Introduzione
Il Cantico delle creature (nota anche come Laudes creaturarum o Cantico di frate Sole) di San Francesco d’Assisi (1181-1226) è considerato uno dei documenti più importanti della nostra tradizione letteraria, tanto da essere considerato - se non il primo testo artistico in volgare - di certo il punto di partenza per una storia della nostra letteratura 1. Il Cantico è strutturato come una lode a Dio per la bellezza del creato, e mescola elementi della tradizione dell’Antico Testamento con espressioni linguistiche tipiche del volgare popolare del tempo.
Secondo l’agiografia tradizionale il testo, dettato da Francesco ad un frate, è l’esito di una visione di pace e serenità dopo una notte di sofferenze per un’infermità agli occhi, presso la chiesa di San Damiano ad Assisi, anche se altre interpretazioni attestano il monastero di San Fabiano presso Rieti; la data di composizione sarebbe il 1224, due anni prima della morte di Francesco. In origine, il testo era accompagnato da musica, di mano del santo, oggi perduta.
Analisi
Il Cantico come preghiera di lode
L’analisi del Cantico deve partire da un punto fondamentale: il testo ha innanzitutto un valore performativo 2, cioè quello di lodare Dio, come esplicitamente detto nell’incipit dei vv. 1-2 (“Altissimu, onnipotente, bon Signore, | tue so’ le laude, la gloria e l’honore et onne benedictione”).
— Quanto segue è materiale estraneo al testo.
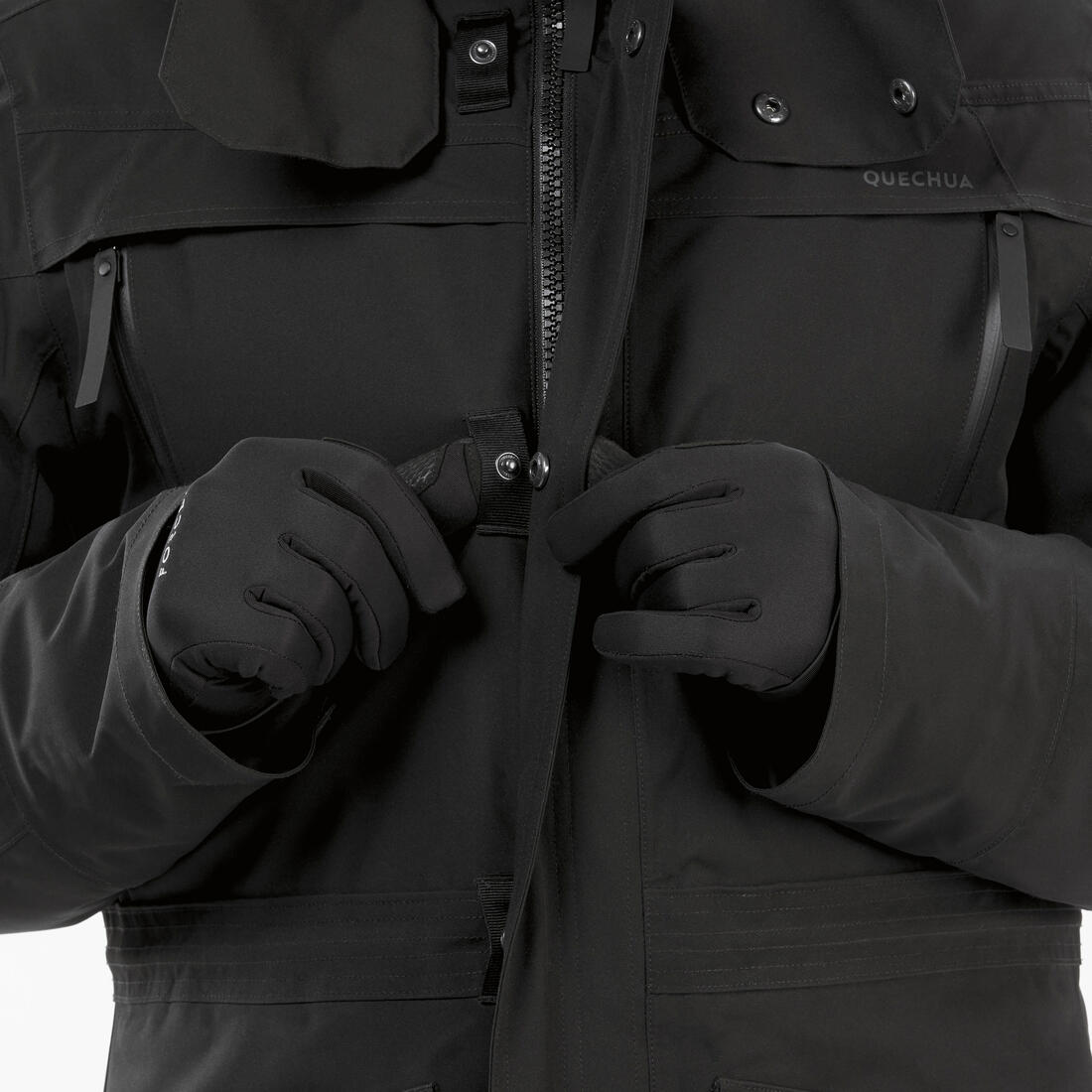 Parka hiver imperméable de randonnée - SH900 -20°C -  homme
Come tipico di ogni preghiera, abbiamo allora un destinatario del messaggio (che è ovviamente Dio, invocato costantemente con il vocativo “mi’ Signore”), una richiesta di preghiera (che, in questo caso, si risolve nella pura e disinteressata lode dell’Altissimo, scandita dall’invito a tutti a lodare Dio con la formula iterativa “Laudato si’”), un emittente del messaggio (che è ovviamente sia il singolo poeta sia la comunità dei fedeli, che si auspica si associno allo lode per guadagnarsi la beatitudine eterna).
A questa finalità concorre il metro - modellato sulla prosa ritmica, e fatto di rime ed assonanze - del testo, la sua elaborazione letteraria e stilistica, l’accompagnamento musicale.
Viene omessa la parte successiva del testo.